[Activity]: Where the material below has a line containing "DeWalt DTM8554 Mesh", start repeating exactly, and keep going through the line containing "Kimber Micro 9", with no other lines.
= Beginning of Section =
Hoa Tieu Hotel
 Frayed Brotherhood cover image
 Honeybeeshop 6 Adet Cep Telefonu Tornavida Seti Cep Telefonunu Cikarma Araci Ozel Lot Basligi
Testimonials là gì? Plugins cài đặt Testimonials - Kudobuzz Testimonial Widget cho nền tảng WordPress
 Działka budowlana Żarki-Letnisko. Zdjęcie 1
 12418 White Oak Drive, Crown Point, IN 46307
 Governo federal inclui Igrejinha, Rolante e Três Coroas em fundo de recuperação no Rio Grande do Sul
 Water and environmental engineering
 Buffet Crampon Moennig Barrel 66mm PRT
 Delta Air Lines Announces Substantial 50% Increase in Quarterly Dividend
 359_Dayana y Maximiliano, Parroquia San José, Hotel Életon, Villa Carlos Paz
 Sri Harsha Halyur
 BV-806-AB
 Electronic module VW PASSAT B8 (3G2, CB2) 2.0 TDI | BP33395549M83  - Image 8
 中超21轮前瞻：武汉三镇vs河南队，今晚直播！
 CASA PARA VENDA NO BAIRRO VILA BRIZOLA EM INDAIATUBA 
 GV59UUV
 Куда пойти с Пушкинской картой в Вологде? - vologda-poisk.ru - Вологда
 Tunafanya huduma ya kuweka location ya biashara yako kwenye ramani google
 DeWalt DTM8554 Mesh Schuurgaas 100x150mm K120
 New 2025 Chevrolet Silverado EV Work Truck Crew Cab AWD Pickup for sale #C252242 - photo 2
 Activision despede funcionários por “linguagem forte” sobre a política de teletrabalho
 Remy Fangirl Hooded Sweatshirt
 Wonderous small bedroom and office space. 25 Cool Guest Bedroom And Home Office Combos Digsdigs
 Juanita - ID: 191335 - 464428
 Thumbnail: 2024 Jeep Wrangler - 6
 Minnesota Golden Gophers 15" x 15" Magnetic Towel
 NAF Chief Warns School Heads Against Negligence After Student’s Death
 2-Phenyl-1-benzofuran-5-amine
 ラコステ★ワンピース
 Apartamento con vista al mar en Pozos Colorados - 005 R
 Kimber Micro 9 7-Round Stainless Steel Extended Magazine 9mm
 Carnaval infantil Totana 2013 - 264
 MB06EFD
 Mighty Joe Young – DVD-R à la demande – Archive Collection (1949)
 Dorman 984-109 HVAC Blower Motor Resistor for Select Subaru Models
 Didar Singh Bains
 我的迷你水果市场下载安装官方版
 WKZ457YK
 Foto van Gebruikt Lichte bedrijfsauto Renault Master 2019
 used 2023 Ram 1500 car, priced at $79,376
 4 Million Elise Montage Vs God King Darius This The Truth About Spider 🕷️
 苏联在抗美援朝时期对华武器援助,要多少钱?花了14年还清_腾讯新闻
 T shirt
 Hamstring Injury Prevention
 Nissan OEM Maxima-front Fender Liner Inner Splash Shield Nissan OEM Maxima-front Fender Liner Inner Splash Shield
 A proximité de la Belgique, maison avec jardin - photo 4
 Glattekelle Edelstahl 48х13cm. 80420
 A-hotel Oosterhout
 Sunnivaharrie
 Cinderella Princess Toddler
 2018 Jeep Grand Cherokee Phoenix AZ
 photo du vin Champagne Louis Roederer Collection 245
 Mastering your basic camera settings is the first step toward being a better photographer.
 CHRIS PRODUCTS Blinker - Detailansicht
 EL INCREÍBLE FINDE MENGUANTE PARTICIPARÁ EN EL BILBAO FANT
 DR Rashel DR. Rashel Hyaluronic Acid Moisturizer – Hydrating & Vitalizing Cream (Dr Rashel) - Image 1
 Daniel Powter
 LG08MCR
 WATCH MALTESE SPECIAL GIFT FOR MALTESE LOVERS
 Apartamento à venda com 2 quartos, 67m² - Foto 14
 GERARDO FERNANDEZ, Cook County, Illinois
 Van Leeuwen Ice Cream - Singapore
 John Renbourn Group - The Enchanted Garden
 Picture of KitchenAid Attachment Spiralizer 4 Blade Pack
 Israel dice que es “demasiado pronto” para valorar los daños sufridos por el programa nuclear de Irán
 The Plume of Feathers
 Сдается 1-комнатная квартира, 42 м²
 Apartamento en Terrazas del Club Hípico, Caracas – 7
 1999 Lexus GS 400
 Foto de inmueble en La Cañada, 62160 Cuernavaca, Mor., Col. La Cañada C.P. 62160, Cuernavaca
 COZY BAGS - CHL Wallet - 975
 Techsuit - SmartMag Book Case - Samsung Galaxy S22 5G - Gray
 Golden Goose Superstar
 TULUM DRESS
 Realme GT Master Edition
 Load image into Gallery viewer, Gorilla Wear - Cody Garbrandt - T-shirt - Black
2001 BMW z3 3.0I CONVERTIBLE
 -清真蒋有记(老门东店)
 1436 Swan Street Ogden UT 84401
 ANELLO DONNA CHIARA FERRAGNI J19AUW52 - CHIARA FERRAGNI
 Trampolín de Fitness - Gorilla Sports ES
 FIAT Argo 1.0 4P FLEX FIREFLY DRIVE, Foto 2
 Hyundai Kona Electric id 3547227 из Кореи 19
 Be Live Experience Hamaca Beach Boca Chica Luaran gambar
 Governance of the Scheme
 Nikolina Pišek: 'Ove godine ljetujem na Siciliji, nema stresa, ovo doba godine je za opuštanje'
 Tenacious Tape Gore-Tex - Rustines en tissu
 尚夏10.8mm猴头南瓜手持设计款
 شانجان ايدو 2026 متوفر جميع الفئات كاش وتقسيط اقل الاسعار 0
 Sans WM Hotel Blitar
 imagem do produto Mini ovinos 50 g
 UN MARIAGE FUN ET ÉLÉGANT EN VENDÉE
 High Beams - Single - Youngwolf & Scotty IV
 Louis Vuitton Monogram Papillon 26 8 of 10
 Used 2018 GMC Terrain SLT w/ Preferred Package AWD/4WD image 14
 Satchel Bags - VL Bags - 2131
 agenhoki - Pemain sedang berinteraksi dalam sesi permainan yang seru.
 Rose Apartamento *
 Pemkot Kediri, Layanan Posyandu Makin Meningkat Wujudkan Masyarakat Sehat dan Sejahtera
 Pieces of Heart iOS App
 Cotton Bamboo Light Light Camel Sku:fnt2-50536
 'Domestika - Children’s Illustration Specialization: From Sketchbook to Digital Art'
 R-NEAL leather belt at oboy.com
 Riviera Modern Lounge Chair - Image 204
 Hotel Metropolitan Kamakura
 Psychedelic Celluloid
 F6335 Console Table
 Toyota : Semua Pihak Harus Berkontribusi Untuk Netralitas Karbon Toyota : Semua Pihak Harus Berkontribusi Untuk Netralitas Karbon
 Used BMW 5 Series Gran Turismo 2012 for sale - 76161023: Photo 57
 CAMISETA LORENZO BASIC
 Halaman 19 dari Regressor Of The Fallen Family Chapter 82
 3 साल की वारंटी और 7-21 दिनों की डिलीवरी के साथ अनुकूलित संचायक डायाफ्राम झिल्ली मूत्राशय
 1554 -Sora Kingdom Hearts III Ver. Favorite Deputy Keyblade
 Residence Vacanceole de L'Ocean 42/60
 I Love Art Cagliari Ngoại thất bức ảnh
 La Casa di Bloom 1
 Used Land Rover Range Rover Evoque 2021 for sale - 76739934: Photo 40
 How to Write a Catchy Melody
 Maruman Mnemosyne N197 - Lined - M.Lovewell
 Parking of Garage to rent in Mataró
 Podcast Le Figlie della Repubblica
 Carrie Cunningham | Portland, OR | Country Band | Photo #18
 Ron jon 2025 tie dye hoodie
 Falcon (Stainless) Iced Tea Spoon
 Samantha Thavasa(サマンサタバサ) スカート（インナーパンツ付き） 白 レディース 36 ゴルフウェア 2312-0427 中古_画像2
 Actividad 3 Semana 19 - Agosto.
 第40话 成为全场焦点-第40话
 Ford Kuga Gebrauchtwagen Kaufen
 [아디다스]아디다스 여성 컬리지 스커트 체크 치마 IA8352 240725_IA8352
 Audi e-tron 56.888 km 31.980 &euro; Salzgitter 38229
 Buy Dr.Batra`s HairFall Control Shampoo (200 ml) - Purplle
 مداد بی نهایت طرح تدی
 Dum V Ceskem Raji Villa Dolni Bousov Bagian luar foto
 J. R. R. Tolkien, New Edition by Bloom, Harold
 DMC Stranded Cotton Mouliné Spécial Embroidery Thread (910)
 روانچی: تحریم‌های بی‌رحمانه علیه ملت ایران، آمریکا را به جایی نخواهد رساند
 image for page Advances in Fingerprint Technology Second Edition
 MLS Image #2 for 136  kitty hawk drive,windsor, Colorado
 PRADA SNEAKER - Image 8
= End of Section =
[Result of this task]:
 DeWalt DTM8554 Mesh Schuurgaas 100x150mm K120
 New 2025 Chevrolet Silverado EV Work Truck Crew Cab AWD Pickup for sale #C252242 - photo 2
 Activision despede funcionários por “linguagem forte” sobre a política de teletrabalho
 Remy Fangirl Hooded Sweatshirt
 Wonderous small bedroom and office space. 25 Cool Guest Bedroom And Home Office Combos Digsdigs
 Juanita - ID: 191335 - 464428
 Thumbnail: 2024 Jeep Wrangler - 6
 Minnesota Golden Gophers 15" x 15" Magnetic Towel
 NAF Chief Warns School Heads Against Negligence After Student’s Death
 2-Phenyl-1-benzofuran-5-amine
 ラコステ★ワンピース
 Apartamento con vista al mar en Pozos Colorados - 005 R
 Kimber Micro 9 7-Round Stainless Steel Extended Magazine 9mm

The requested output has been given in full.